Ethiopia's foreign minister opened a special African Union summit Friday with a scathing attack on the International Criminal Court, blasting what he said was its "unfair" and "totally unacceptable" treatment of Africa.
The special summit comes amid mounting tensions between The Hague-based court and Kenya, whose president and vice-president have been charged with committing crimes against humanity during election-related violence in 2007-2008.
Several nations in the 54-member AU, whose rotating presidency is currently held by Ethiopia, have accused the ICC of singling out Africans for prosecution, and have specifically demanded that the court drop the proceedings against Kenya's leadership.
"The manner in which the Court has been operating, particularly its unfair treatment of Africa and Africans, leaves much to be desired," Ethiopian Foreign Minister Tedros Adhanom Ghebreyesus told ministers and delegates at the opening of the two-day meeting.
"Far from promoting justice and reconciliation... the court has transformed itself into a political instrument. This unfair and unjust treatment is totally unacceptable," he said of the ICC, the world's first permanent court to try genocide, war crimes and crimes against humanity.
South African anti-apartheid icon and Nobel peace laureate Desmond Tutu on Friday fired off a sharply-worded attack that compared ICC opponents to Nazis seeking to evade justice, and argued the number of African cases was merely a reflection on the human rights situation on the continent.
"Those leaders seeking to skirt the court are effectively looking for a license to kill, maim and oppress their own people without consequence.
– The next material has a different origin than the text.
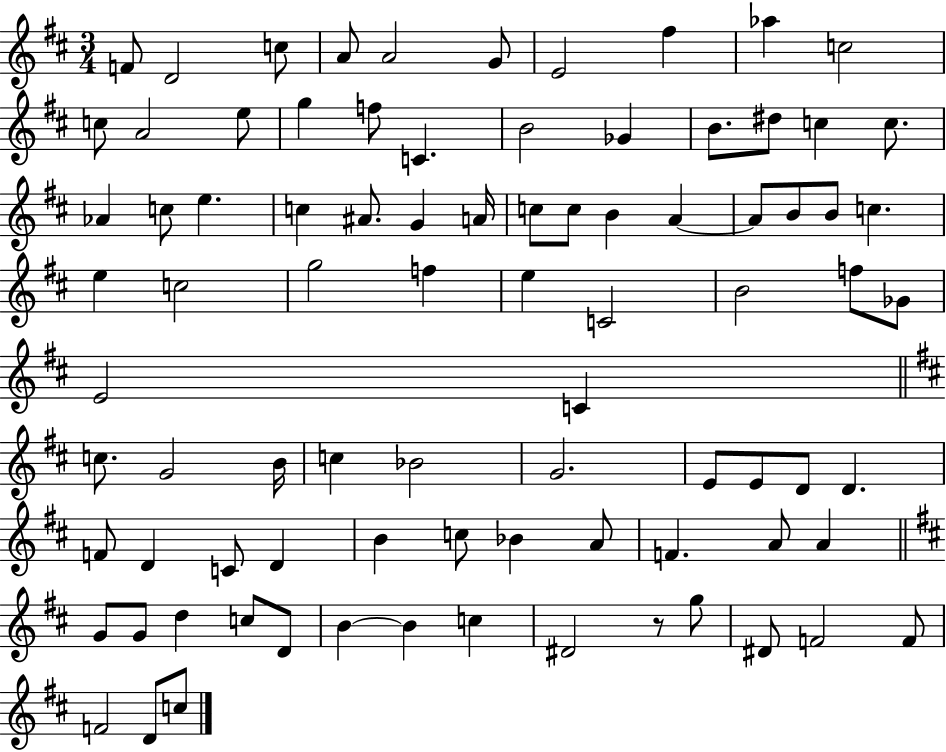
F4/e D4/h C5/e A4/e A4/h G4/e E4/h F#5/q Ab5/q C5/h C5/e A4/h E5/e G5/q F5/e C4/q. B4/h Gb4/q B4/e. D#5/e C5/q C5/e. Ab4/q C5/e E5/q. C5/q A#4/e. G4/q A4/s C5/e C5/e B4/q A4/q A4/e B4/e B4/e C5/q. E5/q C5/h G5/h F5/q E5/q C4/h B4/h F5/e Gb4/e E4/h C4/q C5/e. G4/h B4/s C5/q Bb4/h G4/h. E4/e E4/e D4/e D4/q. F4/e D4/q C4/e D4/q B4/q C5/e Bb4/q A4/e F4/q. A4/e A4/q G4/e G4/e D5/q C5/e D4/e B4/q B4/q C5/q D#4/h R/e G5/e D#4/e F4/h F4/e F4/h D4/e C5/e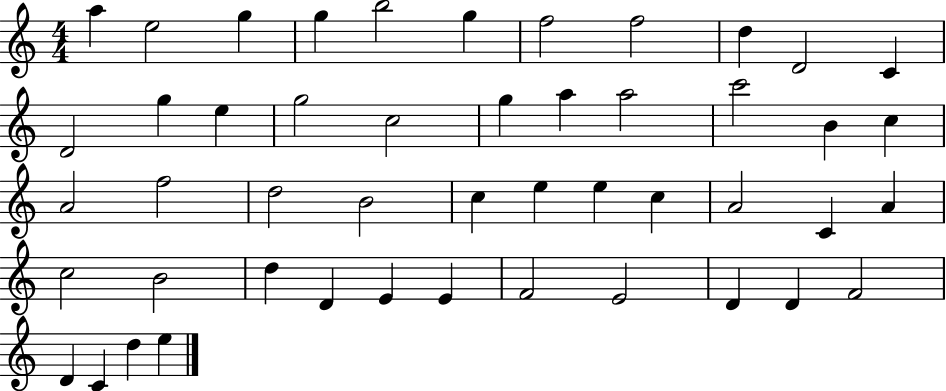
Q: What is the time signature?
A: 4/4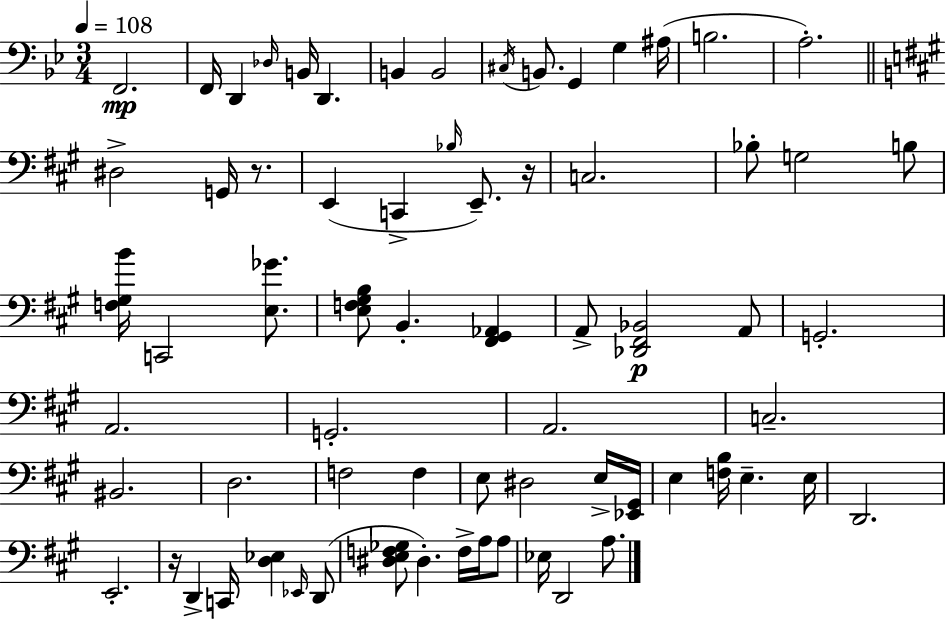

They believe the interests of the people should not stand in the way of their ambitions of wealth and power," he wrote in an op-ed carried by several newspapers.
"They simply vilify the institution as racist and unjust, as Hermann Goering and his fellow Nazi defendants vilified the Nuremberg tribunals following World War II," he wrote.
Former UN secretary-general Kofi Annan has also said a pull-out would leave Africa wearing a "badge of shame", while a group of 130 African civil society and human rights organisations have also issued a public letter expressing their steadfast support for the tribunal.
The ICC has charged Kenyan President Uhuru Kenyatta and Vice-President William Ruto, as well as former radio boss Joshua Arap Sang, with crimes against humanity linked to post-election violence in 2007-2008 that left at least 1,100 dead and more than 600,000 homeless.
The trial of Ruto and Sang has already begun, and proceedings against Kenyatta are due to start on November 12. The accused are all cooperating with the court, but tensions have been mounting amid accusations of witness intimidation by the accused and counter-complaints against the ICC that it is inflexible.